I have searched and searched, but I cannot figure out what this button/knob is for on the dash. It clearly isn't working, bu still have no idea what it's for. Forum search and google search turned up nothing.


----------



## RMTZ67 (Mar 12, 2011)

Dahmu said:


> I have searched and searched, but I cannot figure out what this button/knob is for on the dash. It clearly isn't working, bu still have no idea what it's for. Forum search and google search turned up nothing.


 just a guess. Would that be your windshield washer pump squirter do hicky?


----------



## Dahmu (Jun 3, 2019)

RMTZ67 said:


> just a guess. Would that be your windshield washer pump squirter do hicky?

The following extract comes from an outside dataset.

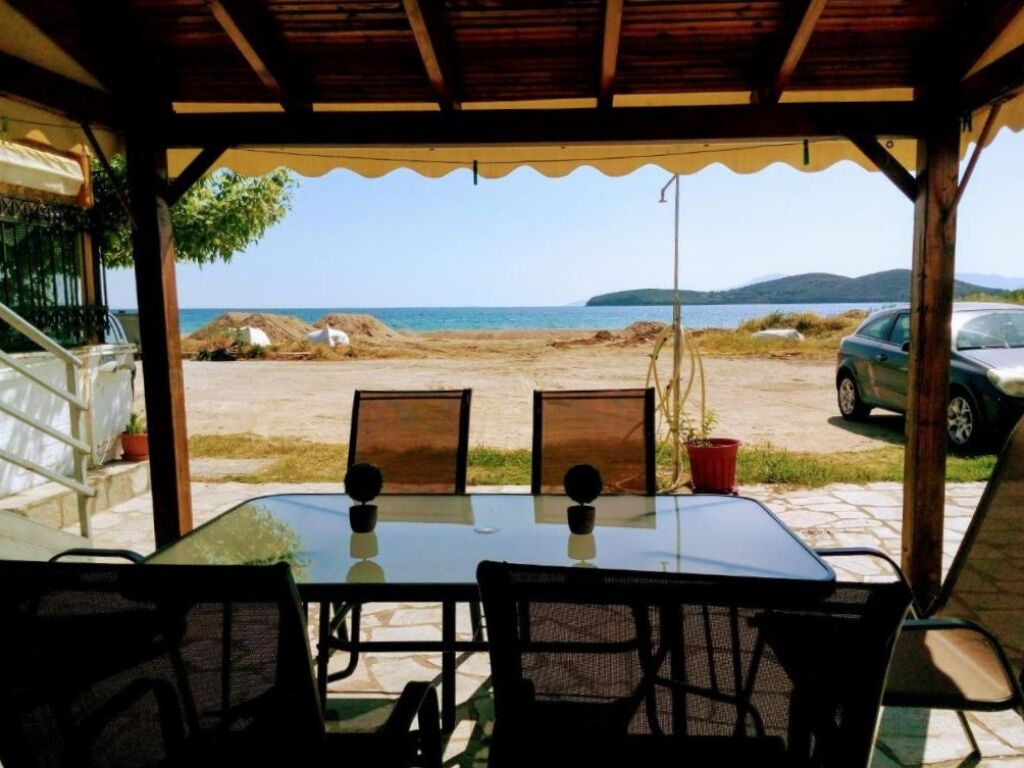 Retro Beach House, Nea Peramos, Kavala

Ahhh yes the do hicky part!:grin2: That's actually a really good guess. My windshield wipers don't work either. That's most likely it. Thanks!


----------



## GTOJUNIOR (Aug 7, 2011)

The large portion of that knob/Switch controls on/off by turning left/right, 
while the smaller center button activates the washer pump when pushed in.


----------



## PontiacJim (Dec 29, 2012)

Wait, I know what that button is!!!! It is the Pontiac version of the "Go-Baby-Go" button found on the Eleanor Mustang from _Gone In 60 Seconds_. There it is at the 1:00 minute mark of the video:


----------



## Wilma (May 3, 2015)

It's your windshield wiper control. You turn it to make the wipers work and push the button to activate the washer.


----------



## PontiacJim (Dec 29, 2012)

Wilma said:


> It's your windshield wiper control. You turn it to make the wipers work and push the button to activate the washer.


So you are saying it ain't the Go-Baby-Go button? It could be .......maybe???


----------